---------- PROVIDED RECORDS ----------
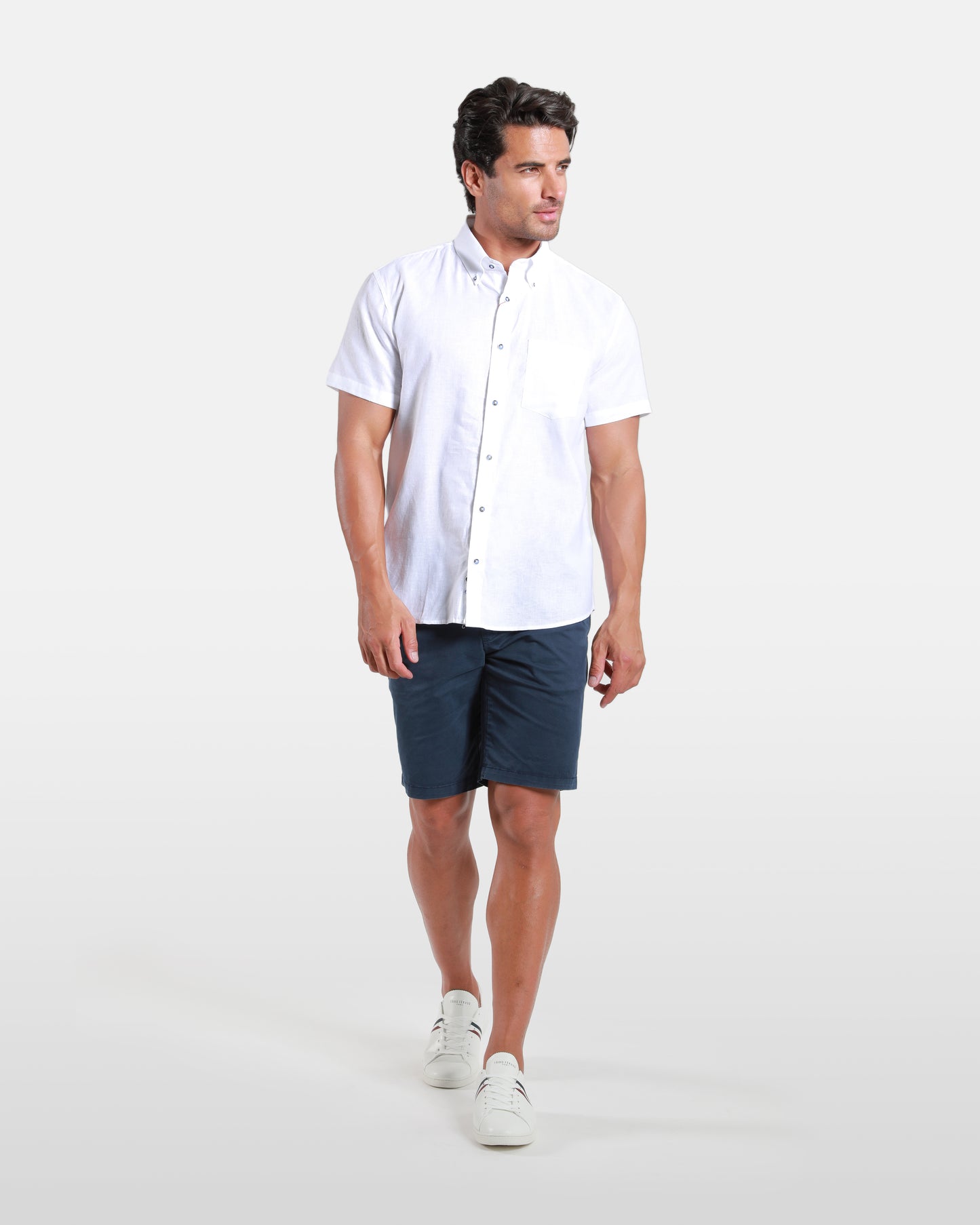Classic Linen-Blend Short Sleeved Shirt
----------
---------- PROVIDED RECORDS ----------
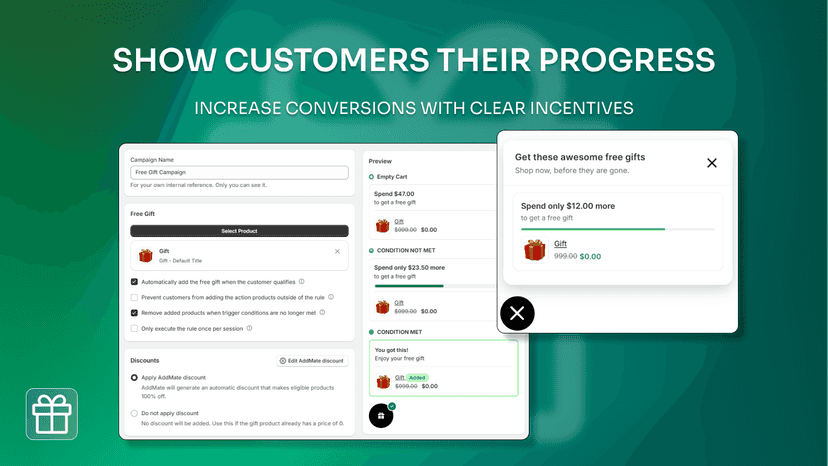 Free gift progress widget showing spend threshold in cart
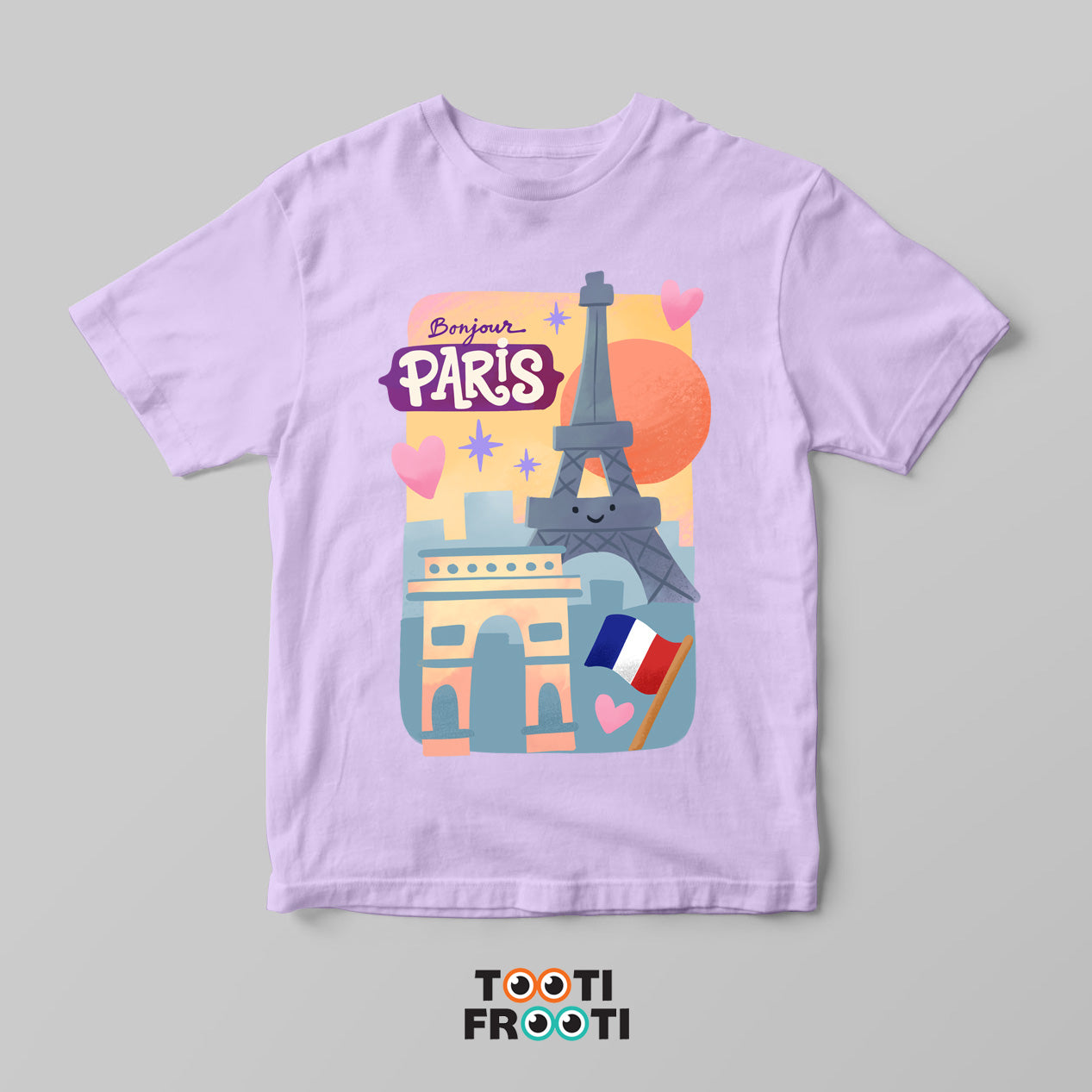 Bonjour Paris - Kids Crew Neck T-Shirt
----------
# YOUR INSTRUCTIONS
What is needed is an exact copy of only the lines above from the one with "Free gift progress" to the one with "Bonjour Paris - Kids Crew Neck T-Shirt", both kept, with every picture left out.

# RESPONSE TO THIS EXERCISE
 Free gift progress widget showing spend threshold in cart
 Bonjour Paris - Kids Crew Neck T-Shirt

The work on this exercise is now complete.